Revitalize PostgreSQL with pg_repack: A Gentle Vacuum Solution

Revitalize PostgreSQL with pg_repack: A Gentle Vacuum Solution

Overview:

pg_repack is a PostgreSQL extension that lets you remove bloat from tables and indexes, and optionally restore the physical order of clustered indexes. Unlike CLUSTER and VACUUM FULL it works online, without holding an exclusive lock on the processed tables during processing. pg_repack is efficient to boot, with performance comparable to using CLUSTER directly.

What is pg_repack?

pg_repack is a powerful PostgreSQL extension designed to alleviate bloat in tables and indexes, with the added capability to restore the physical order of clustered indexes. By facilitating online table rebuilding, it offers a seamless solution for PostgreSQL users.

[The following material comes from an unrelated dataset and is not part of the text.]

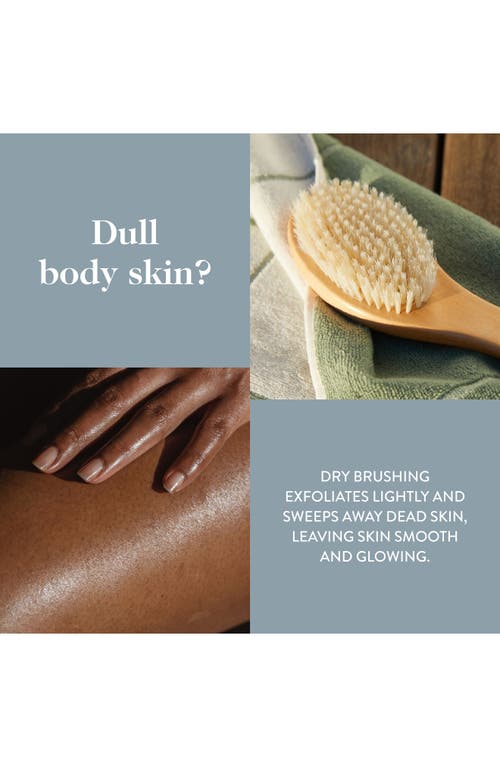 GOOP GOOP ULTIMATE DRY BRUSH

Advantages of Using pg_repack:

  • Release Storage: Reclaim disk space by efficiently releasing storage from a table.

  • Rebuild Tables: Significantly reduce I/O by rebuilding tables.

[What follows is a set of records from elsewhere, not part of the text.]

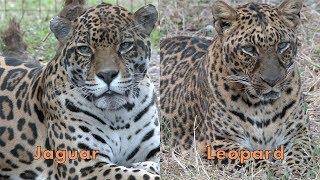 Jaguar VS Leopard - FAQ Friday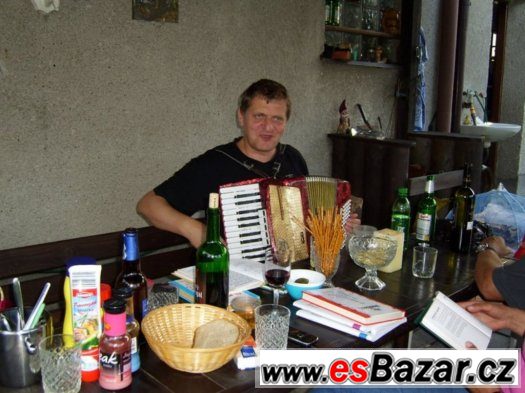 harmonikář akordeon harmonika zábava – fotografie 3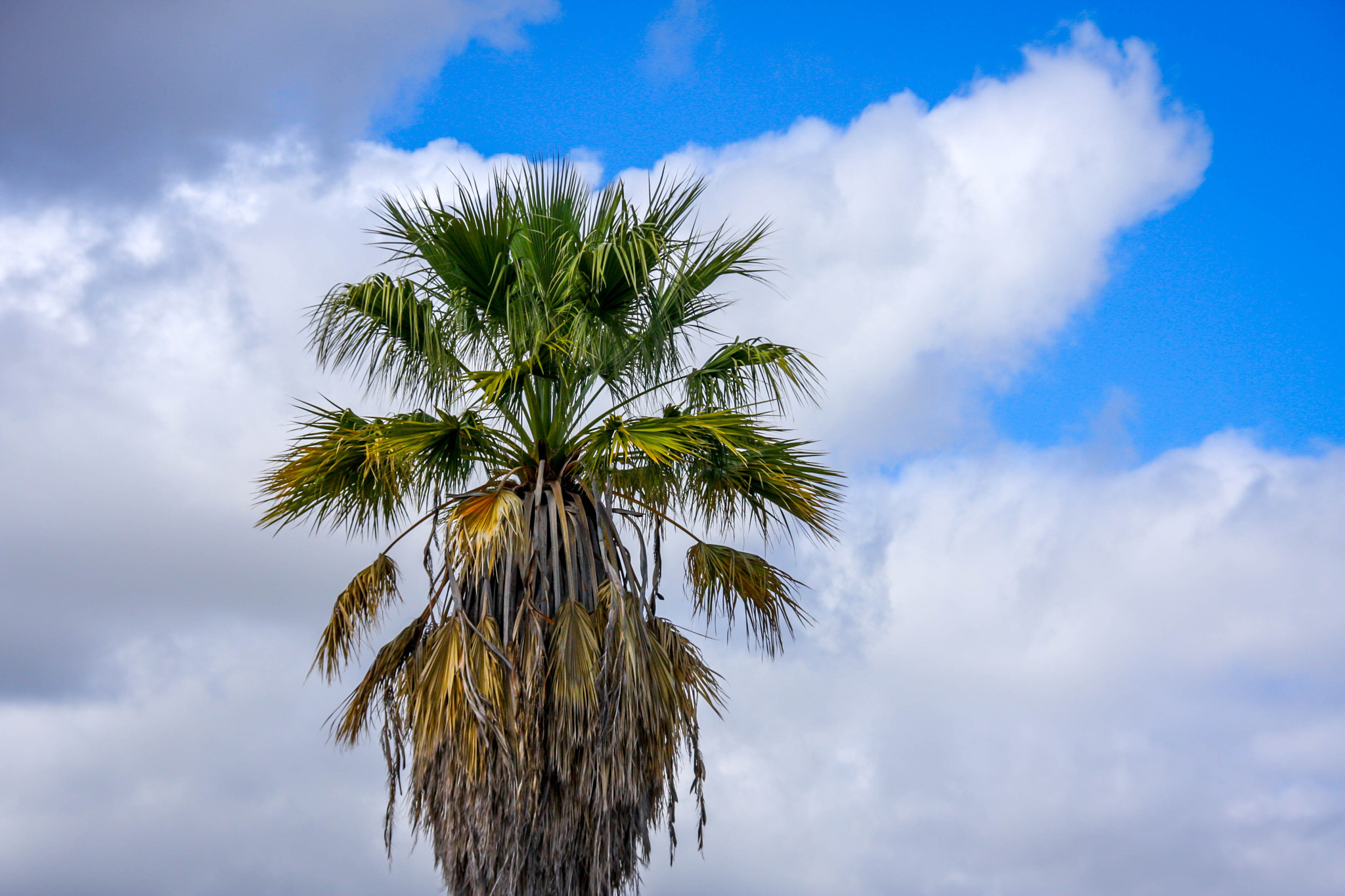 Sigma 18-200mm f/3.5-6.3 DC OS sample photo. Planeiro photography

  • Bloat Removal: Clear storage piled due to dead tuples, often left uncleared by the auto-vacuum process.

Getting Started:

Step 1: Installation in different OS

RHEL/Fedora/Almalinux:

# Install pg_repack12
yum install pg_repack14

# Configure shared_preload_libraries
sudo su postgres
psql
psql # set shared_preload_libraries = 'pg_repack';
/usr/pgsql-14/bin/pg_ctl -D $PGDATA restart -mf

Ubuntu/Debian:

sudo apt-get update -y
sudo apt-get install postgresql-14-repack

Step 2: Create the Extension in the Target Database

Let's assume the database name is IMDB

sudo su postgres
psql
\c imdb;

imdb# CREATE EXTENSION pg_repack;
CREATE EXTENSION

imdb=# SELECT * FROM pg_available_extensions WHERE name = 'pg_repack';
   name    | default_version | installed_version |                           comment                            
-----------+-----------------+-------------------+--------------------------------------------------------------
 pg_repack | 1.5.0           | 1.5.0             | Reorganize tables in PostgreSQL databases with minimal locks

Step 3: Using pg_repack to Rebuild Tables Online

# Dry run for table 'thriller'
pg_repack --dry-run -d imdb --table thriller

# Actual run for table 'actor'
pg_repack -d imdb --table thriller

Rebuilding an Entire Database:

For RHEL/Almalinux/Rockylinux

# Dry run for the entire database
pg_repack --dry-run -d imdb

# Actual run for the entire database with parallel jobs (e.g., 2 jobs)
pg_repack -d imdb -j 2

For Ubuntu/Debian

/usr/lib/postgresql/14/bin$ pg_repack -d imdb -j 2

-j 2 option specifies the number of parallel jobs to use during the repack process. In this case, it's set to 2, indicating that the repack operation can be performed using two parallel jobs.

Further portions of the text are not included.